▸ **THE PROBLEM**
Would you restate the entries below word for word, starting at the first line and ending with the one that has "vidaXL Box spring"?

Content starts

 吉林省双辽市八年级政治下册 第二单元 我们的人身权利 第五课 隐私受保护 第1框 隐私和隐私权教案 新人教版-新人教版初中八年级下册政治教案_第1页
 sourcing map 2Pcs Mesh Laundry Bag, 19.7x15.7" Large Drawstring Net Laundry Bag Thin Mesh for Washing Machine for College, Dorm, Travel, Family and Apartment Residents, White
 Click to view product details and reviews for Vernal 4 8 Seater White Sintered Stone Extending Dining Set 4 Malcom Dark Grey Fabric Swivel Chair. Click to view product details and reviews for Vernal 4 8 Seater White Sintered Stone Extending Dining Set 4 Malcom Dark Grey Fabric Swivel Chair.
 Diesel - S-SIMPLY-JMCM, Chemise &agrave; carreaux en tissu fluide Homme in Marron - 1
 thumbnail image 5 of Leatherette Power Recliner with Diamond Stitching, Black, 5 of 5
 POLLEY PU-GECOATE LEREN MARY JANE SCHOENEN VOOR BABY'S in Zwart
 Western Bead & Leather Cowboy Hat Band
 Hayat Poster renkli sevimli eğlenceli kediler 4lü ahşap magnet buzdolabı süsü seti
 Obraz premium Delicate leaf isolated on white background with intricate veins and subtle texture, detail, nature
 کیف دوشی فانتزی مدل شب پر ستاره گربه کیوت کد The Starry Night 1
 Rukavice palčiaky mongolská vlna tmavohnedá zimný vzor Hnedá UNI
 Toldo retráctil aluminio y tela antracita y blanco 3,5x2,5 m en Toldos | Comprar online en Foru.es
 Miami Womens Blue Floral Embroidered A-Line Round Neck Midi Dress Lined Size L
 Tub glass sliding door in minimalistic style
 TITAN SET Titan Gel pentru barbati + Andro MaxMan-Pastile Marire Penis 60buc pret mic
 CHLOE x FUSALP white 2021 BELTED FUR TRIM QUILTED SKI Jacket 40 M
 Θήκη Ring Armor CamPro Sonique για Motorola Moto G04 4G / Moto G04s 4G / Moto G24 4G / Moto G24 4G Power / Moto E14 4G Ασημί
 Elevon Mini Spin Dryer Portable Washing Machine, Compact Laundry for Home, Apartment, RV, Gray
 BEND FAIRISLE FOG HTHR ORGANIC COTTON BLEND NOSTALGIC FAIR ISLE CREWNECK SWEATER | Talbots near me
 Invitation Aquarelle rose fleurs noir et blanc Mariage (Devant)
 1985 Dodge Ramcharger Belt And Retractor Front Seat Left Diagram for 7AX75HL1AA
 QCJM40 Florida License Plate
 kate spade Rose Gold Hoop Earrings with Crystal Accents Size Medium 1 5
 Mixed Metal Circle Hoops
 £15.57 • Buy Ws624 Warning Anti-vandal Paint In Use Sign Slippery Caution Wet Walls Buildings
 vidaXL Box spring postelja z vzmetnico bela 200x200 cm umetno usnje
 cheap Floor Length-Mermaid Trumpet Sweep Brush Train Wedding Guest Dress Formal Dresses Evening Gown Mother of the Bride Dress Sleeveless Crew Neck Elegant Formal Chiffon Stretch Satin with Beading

Content ends

▸ **ANSWER TO THIS PROBLEM**
 吉林省双辽市八年级政治下册 第二单元 我们的人身权利 第五课 隐私受保护 第1框 隐私和隐私权教案 新人教版-新人教版初中八年级下册政治教案_第1页
 sourcing map 2Pcs Mesh Laundry Bag, 19.7x15.7" Large Drawstring Net Laundry Bag Thin Mesh for Washing Machine for College, Dorm, Travel, Family and Apartment Residents, White
 Click to view product details and reviews for Vernal 4 8 Seater White Sintered Stone Extending Dining Set 4 Malcom Dark Grey Fabric Swivel Chair. Click to view product details and reviews for Vernal 4 8 Seater White Sintered Stone Extending Dining Set 4 Malcom Dark Grey Fabric Swivel Chair.
 Diesel - S-SIMPLY-JMCM, Chemise &agrave; carreaux en tissu fluide Homme in Marron - 1
 thumbnail image 5 of Leatherette Power Recliner with Diamond Stitching, Black, 5 of 5
 POLLEY PU-GECOATE LEREN MARY JANE SCHOENEN VOOR BABY'S in Zwart
 Western Bead & Leather Cowboy Hat Band
 Hayat Poster renkli sevimli eğlenceli kediler 4lü ahşap magnet buzdolabı süsü seti
 Obraz premium Delicate leaf isolated on white background with intricate veins and subtle texture, detail, nature
 کیف دوشی فانتزی مدل شب پر ستاره گربه کیوت کد The Starry Night 1
 Rukavice palčiaky mongolská vlna tmavohnedá zimný vzor Hnedá UNI
 Toldo retráctil aluminio y tela antracita y blanco 3,5x2,5 m en Toldos | Comprar online en Foru.es
 Miami Womens Blue Floral Embroidered A-Line Round Neck Midi Dress Lined Size L
 Tub glass sliding door in minimalistic style
 TITAN SET Titan Gel pentru barbati + Andro MaxMan-Pastile Marire Penis 60buc pret mic
 CHLOE x FUSALP white 2021 BELTED FUR TRIM QUILTED SKI Jacket 40 M
 Θήκη Ring Armor CamPro Sonique για Motorola Moto G04 4G / Moto G04s 4G / Moto G24 4G / Moto G24 4G Power / Moto E14 4G Ασημί
 Elevon Mini Spin Dryer Portable Washing Machine, Compact Laundry for Home, Apartment, RV, Gray
 BEND FAIRISLE FOG HTHR ORGANIC COTTON BLEND NOSTALGIC FAIR ISLE CREWNECK SWEATER | Talbots near me
 Invitation Aquarelle rose fleurs noir et blanc Mariage (Devant)
 1985 Dodge Ramcharger Belt And Retractor Front Seat Left Diagram for 7AX75HL1AA
 QCJM40 Florida License Plate
 kate spade Rose Gold Hoop Earrings with Crystal Accents Size Medium 1 5
 Mixed Metal Circle Hoops
 £15.57 • Buy Ws624 Warning Anti-vandal Paint In Use Sign Slippery Caution Wet Walls Buildings
 vidaXL Box spring postelja z vzmetnico bela 200x200 cm umetno usnje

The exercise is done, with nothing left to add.